»»

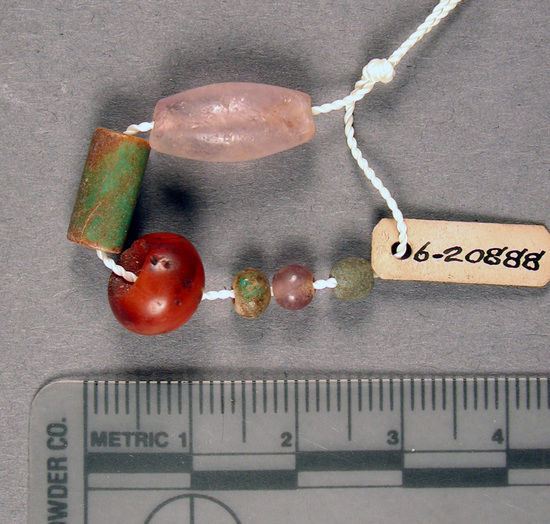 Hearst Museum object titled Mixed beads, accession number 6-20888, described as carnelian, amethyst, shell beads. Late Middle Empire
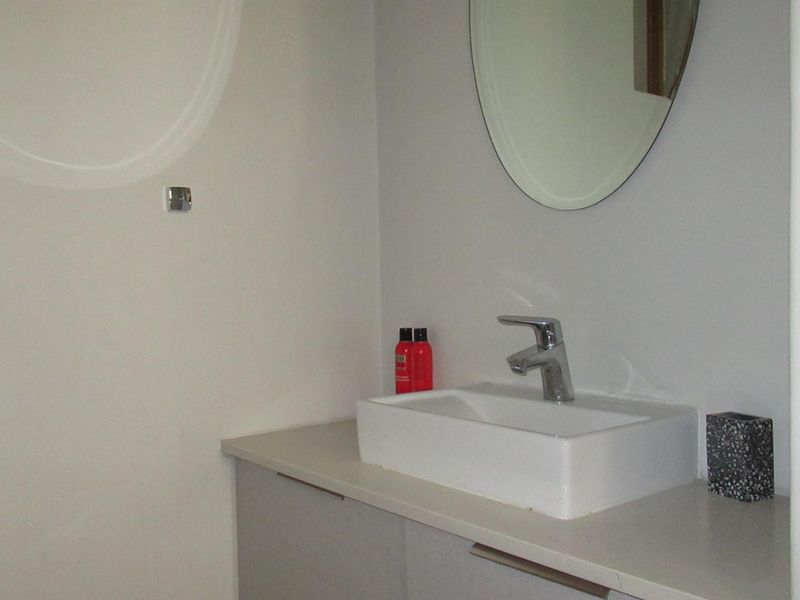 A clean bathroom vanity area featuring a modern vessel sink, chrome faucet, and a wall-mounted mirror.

««
»»

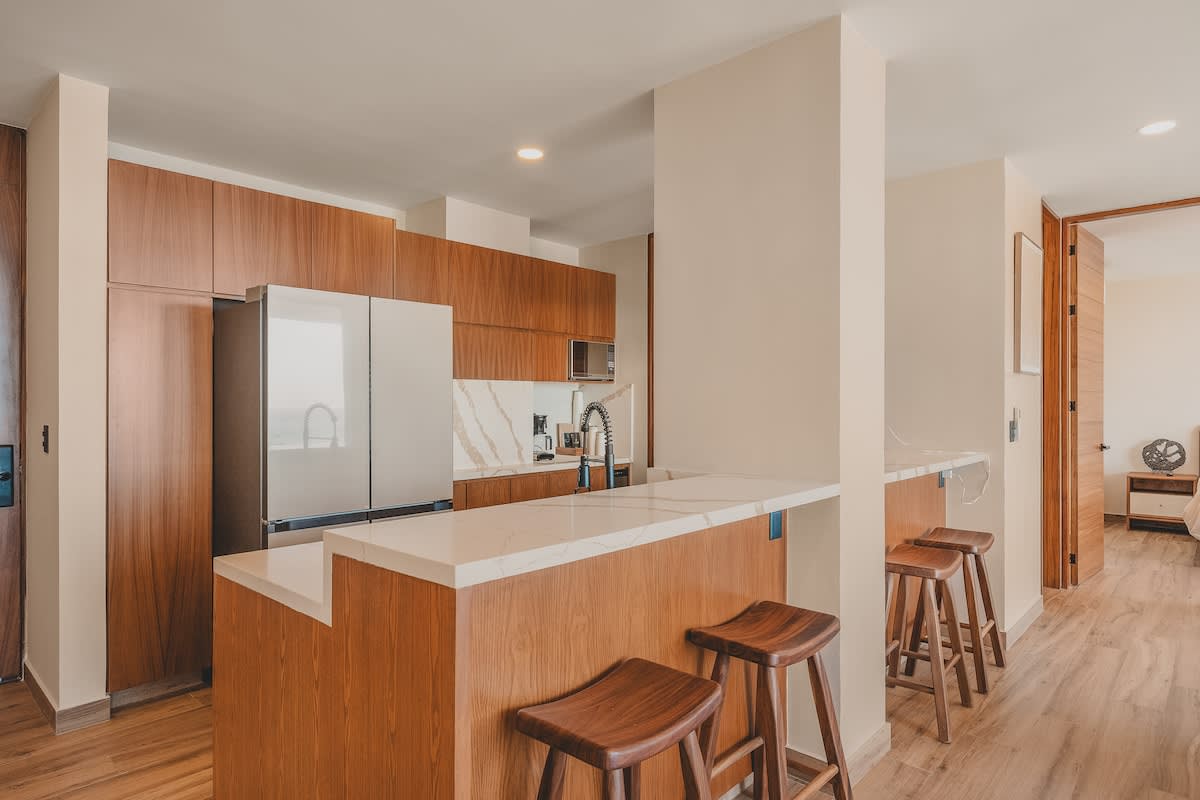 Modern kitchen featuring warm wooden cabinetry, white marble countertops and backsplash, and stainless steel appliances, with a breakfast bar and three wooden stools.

««

--- Task requirements ---
For this exercise, transcribe exactly the part of the records above that opens with the line containing "Hearst Museum object" and closes with the one containing "A clean bathroom". Pictures are not part of the copy.

--- Answer box ---
 Hearst Museum object titled Mixed beads, accession number 6-20888, described as carnelian, amethyst, shell beads. Late Middle Empire
 A clean bathroom vanity area featuring a modern vessel sink, chrome faucet, and a wall-mounted mirror.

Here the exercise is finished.